Al ser presentado por Flavio, dijo Nicodemo: «Rabino, sabemos que eres un maestro enviado por Dios, porque ningún mero hombre podría enseñar así a menos que Dios estuviese con él. Y estoy deseoso de conocer más de tus enseñanzas sobre el reino venidero».
Jesús respondió a Nicodemo: «De cierto, de cierto te digo, Nicodemo, que si un hombre no naciere de lo alto, no puede ver el reino de Dios». Entonces replicó Nicodemo: «Pero, ¿cómo puede un hombre nacer de nuevo cuando ya es viejo? No puede entrar por segunda vez en el vientre de su madre para nacer».
Dijo Jesús: «Sin embargo, yo te declaro que, a menos que un hombre naciere del espíritu, no podrá entrar en el reino de Dios. Lo que nace de la carne, carne es, y lo que nace del espíritu, espíritu es. Pero no debes sorprenderte de que yo haya dicho que debes nacer de lo alto. Cuando sopla el viento, oyes el murmullo de las hojas, pero no ves el viento—de donde viene y adonde va– y así es con todo aquel que nace del espíritu. Con los ojos de la carne puedes contemplar las manifestaciones del espíritu, pero no puedes en verdad discernir el espíritu».
Replicó Nicodemo: «Pero no comprendo; ¿cómo puede eso ser?» Dijo Jesús: «¿Es posible que tú seas un maestro en Israel y sin embargo ignores todo esto? Se vuelve pues el deber de los que conocen las realidades del espíritu revelar estas cosas a los que disciernen tan sólo las manifestaciones del mundo material. Pero ¿nos creerás a nosotros, si te decimos las verdades celestiales? ¿Tienes tú el coraje, Nicodemo, de creer en el que ha descendido del cielo, aun en el Hijo del Hombre?»
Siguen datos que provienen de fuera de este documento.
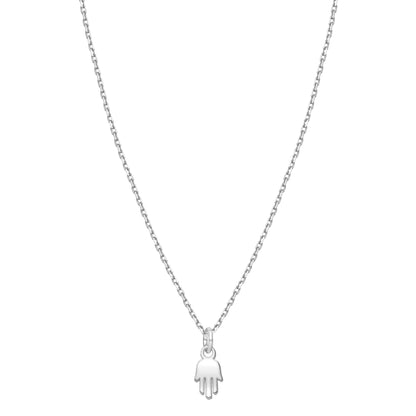 Mini Hamsa Lucky Silver Necklace for Girls and Women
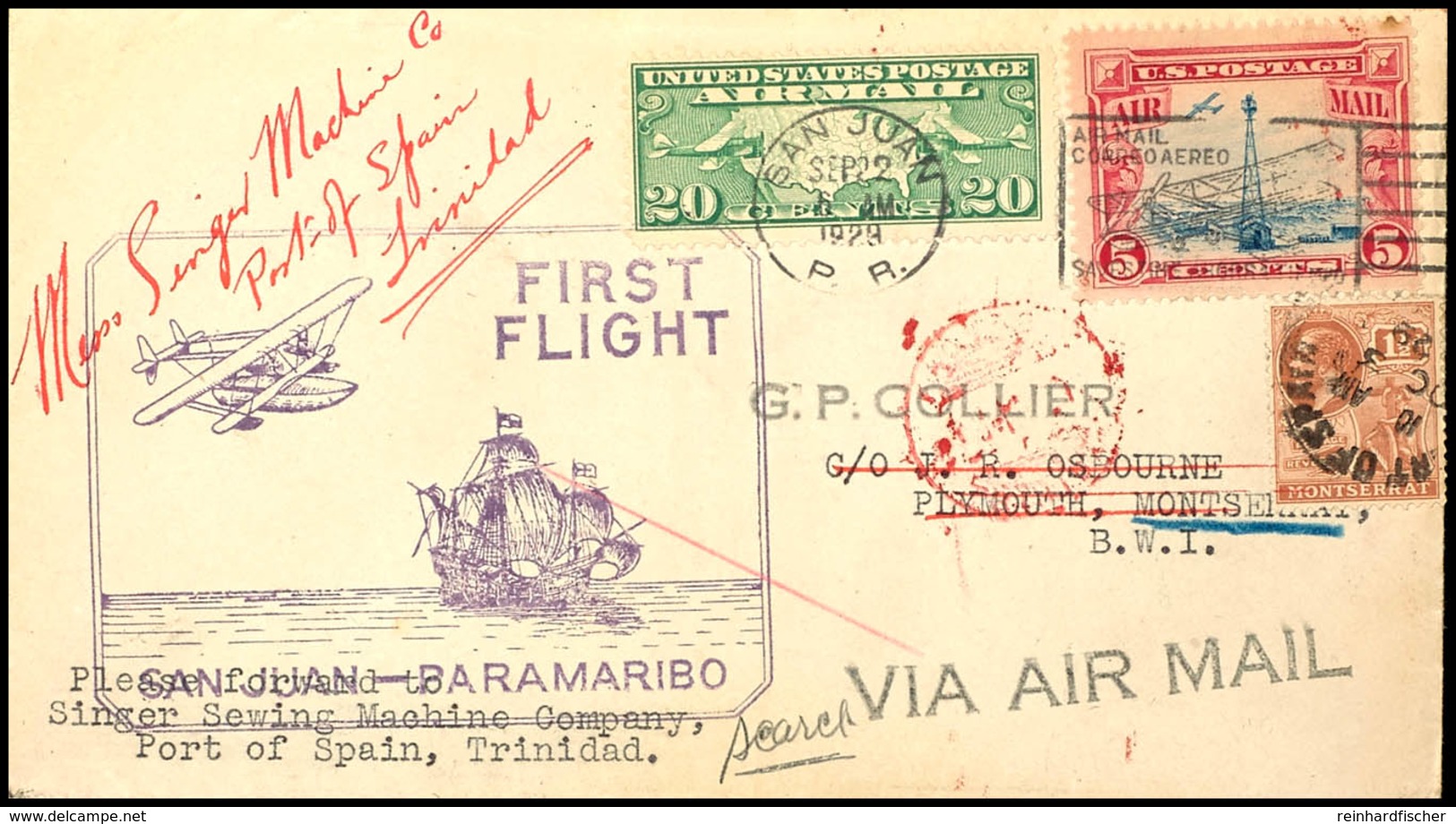 1929, 2.9, Erstflug San Juan - Paramaribo, Brief Mit Entsprechender Frankatur Und Sonder-Cachet Mit Weiterflug Ab PORT O - Other & Unclassified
Y dijo Nicodemo: «Pero ¿cómo podré yo comenzar a captar este espíritu que ha de rehacerme en preparación para entrar al reino?» Respondió Jesús: «El espíritu del Padre en el cielo ya reside en ti. Si te dejas conducir por este espíritu que viene de lo alto, muy pronto comenzarás a ver con los ojos del espíritu. Cuando esto ocurra y tú elijas de todo corazón seguir la dirección del espíritu, nacerás del espíritu, puesto que tu único propósito del vivir será hacer la voluntad de tu Padre que está en el cielo. Al encontrarte nacido del espíritu, y feliz en el reino de Dios, comenzarás a rendir en tu vida diaria los frutos abundantes del espíritu».
Nicodemo era completamente sincero. Estaba profundamente afectado, pero se alejó perplejo. Nicodemo era una persona con un yo bien desarrollado y con buen autocontrol, y aun poseía altas cualidades morales. Era refinado, egoísta y altruista; pero no sabía como someter su voluntad a la voluntad del Padre divino así como un niño se somete voluntariamente a la guía y a la dirección de un padre terrestre sabio y amante, para volverse verdaderamente hijo de Dios, heredero progresivo del reino eterno.
Pero Nicodemo supo tener fe suficiente para llegar al reino. Protestó tímidamente cuando sus colegas del sanedrín quisieron condenar a Jesús sin audición; y más tarde, con José de Arimatea, confesó valientemente su fe y reclamó el cuerpo de Jesús, aun cuando la mayoría de los discípulos habían huido atemorizados de la escena del sufrimiento final y muerte del Maestro.